Biografia intellettuale dello scrittore nella Milano dell’Illuminismo

Giuseppe Parini  nacque nel 1729 a Bosisio, in Brianza, presso l’ameno lago di Pusiano. A nove anni andò a Milano, affidato alla  zia Anna Maria.
Dopo avere frequentato le scuole dei Barnabiti, il Parini, che dalla zia aveva ricevuto una eredità a patto che si facesse sacerdote, venne ordinato prete nel 1754.
Alla giovinezza  appartiene la prima raccolta di 52 poesie composte in stile classico, ricche di motivi pastorali ( la memoria della vita campestre e del dolce paesaggio della Brianza) e di argomenti morali; si intitolano Alcune poesie di Ripano Eupilino.
A Milano, città illuminista, tutta protesa verso una nuova cultura fondata sulla esaltazione dei valori morali, città inoltre ricca di moderne Accademie desiderose di aprirsi al dibattito, questa raccolta di poesie fu apprezzata e gli valse due passaggi importanti:
- l’ammissione all’Accademia dei Trasformati, un gruppo di intellettuali moderno, razionalista e disposto a lavorare per la trasformazione della letteratura
- l’ingresso come precettore (insegnante privato) in casa Serbelloni, una delle famiglie più in vista della città.
La sua presenza nel gruppo dei “Trasformati” e la vita presso i nobili Serbelloni maturano in Parini due fondanti riflessioni, la prima di natura letteraria, la seconda di natura sociale: a) che la lingua letteraria doveva essere svecchiata, resa più attuale, pur senza perdere la bellezza e l’equilibrio della tradizione classica; insomma egli matura il rifiuto della lingua arcaica; b) che troppo grande era la disparità delle classi sociali e che soprattutto la nobiltà viveva di privilegi vuoti e, soprattutto nella società aveva perso ogni funzione morale.
Intanto per l’Accademia dei Trasformati Parini compose le prime e più importanti Odi  : la Vita rustica  e la Salubrità dell’aria .
Nel 1762 il Parini si licenziò dai Serbelloni in seguito a uno screzio con la padrona di casa.

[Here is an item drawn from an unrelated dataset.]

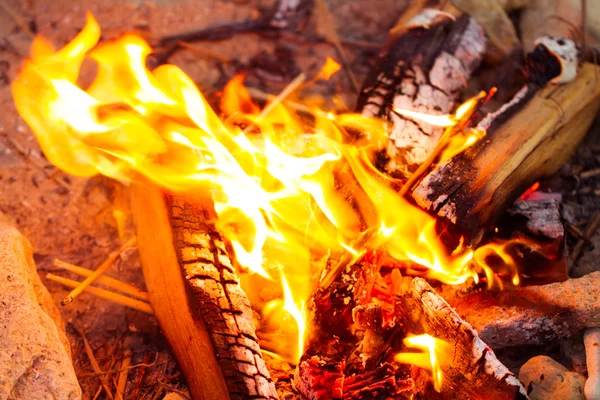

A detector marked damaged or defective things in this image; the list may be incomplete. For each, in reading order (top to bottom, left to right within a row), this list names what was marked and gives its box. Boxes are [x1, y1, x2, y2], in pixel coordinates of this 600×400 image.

burnt wood chunk [356, 10, 488, 177]
burnt wood chunk [396, 278, 528, 400]
burnt wood chunk [450, 270, 600, 348]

L’anno successivo pubblicò anonimo il Mattino , seguito dal Mezzogiorno .
Nel 1769 divenne redattore della “Gazzetta di Milano”, il giornale del governo lombardo; inoltre ottenne la cattredra di eloquenza e belle lettere,  poi la docenza alla Accademia di belle Arti fondata dall’imperatrice Maria Teresa.
Intanto a Milano le cose cambiano: nel 1780 muore l’imperatrice Maria Teresa e si chiude la fase più interessante e ottimistica dell’illuminismo lombardo, l’eco della rivoluzione francese fa presagire in tutta Europa un periodo di profondi cambiamenti. Parini, moderato e saggio qual era, non poté mai apprezzare il periodo del terrore. Quando nel 1796 i francesi occupano la Lombardia egli fu chiamato a far parte del governo, ma dopo poco congedato.
Quando gli austriaci nel 1799 rientrarono a Milano Parini ne salutò il ritorno, ma non si può dire che il suo sia stato un atteggiamento servile; non entrò infatti a loro servizio, cercava soltanto una vita civile giusta e senza repressioni. Morendo, nel 1799, lasciò incompiuto il Giorno.

 

Alcuni temi  illuministici:
Il problema della lingua, l’essenza e lo scopo della letteratura, i valori sociali.
a) Parini in area illuminista italiana è il primo grande scrittore; prima di lui ci sono stati fenomeni come il barocco, tutto diretto alla ricerca della forma, della straordinarietà delle immagini, poi l’arcadia che aveva come intento di ricomporre un equilibrio classico; in realtà la lingua dell’arcadia risultava arcaica, antiquata, fuori luogo per la società presente.
Parini avverte con urgenza la necessità dello svecchiamento della lingua, ma soprattutto ha ben chiaro come la forma, colta, classica, ma moderna debba corrispondere a dei contenuti altrettanto significativi, attuali, densi di moralità; insomma che la forma debba contenere cose vere  e cose utili .
Una lingua classica, colta, ma moderna presiede infatti alla pubblicazione delle prime Odi , La Vita rustica e la Salubrità dell’aria ; a questa lingua corrisponde un contenuto di grande significato e di grande attualità e che furono proprio gli illuministi, francesi prima e italiani poi, a individuare: il rapporto o la diversità tra città e campagna.
Il poeta medita sui valori della vita campestre che permette all’uomo ritmi naturali, che lascia lo spazio della contemplazione, che lascia intatta l’integrità dell’individuo; e della campagna loda la salubrità dell’aria differenziandola da quella della vita cittadina. Già alla fine del settecento Parini inizia a intravedere, con spirito moderno, la città come un turbinìo di folle, di rumori, come un luogo di lavoro, di produzione, di traffici, ma anche di alienazione e soprattutto insalubre.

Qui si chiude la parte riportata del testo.